[[ Records for this task, beginning ]]

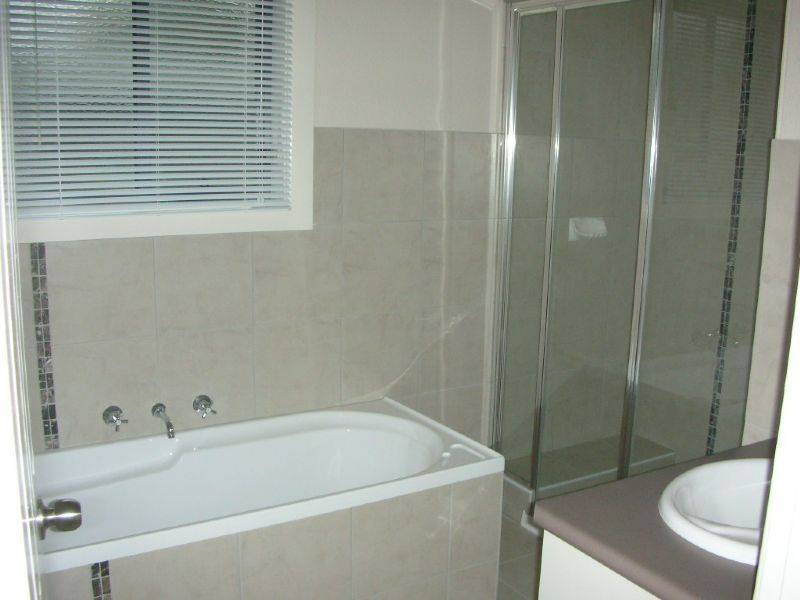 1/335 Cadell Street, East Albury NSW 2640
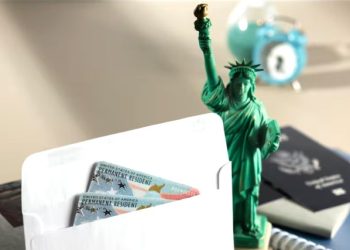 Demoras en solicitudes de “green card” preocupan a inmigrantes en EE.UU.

[[ Records for this task, end ]]
[[ Records for this task, beginning ]]

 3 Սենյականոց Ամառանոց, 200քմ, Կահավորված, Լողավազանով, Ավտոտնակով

[[ Records for this task, end ]]

— Task description —
Using the data above, return the lines from the one holding "1/335 Cadell Street, East Albury NSW 2640" through the one holding "Demoras en solicitudes" exactly, but not the pictures.

— Task response —
 1/335 Cadell Street, East Albury NSW 2640
 Demoras en solicitudes de “green card” preocupan a inmigrantes en EE.UU.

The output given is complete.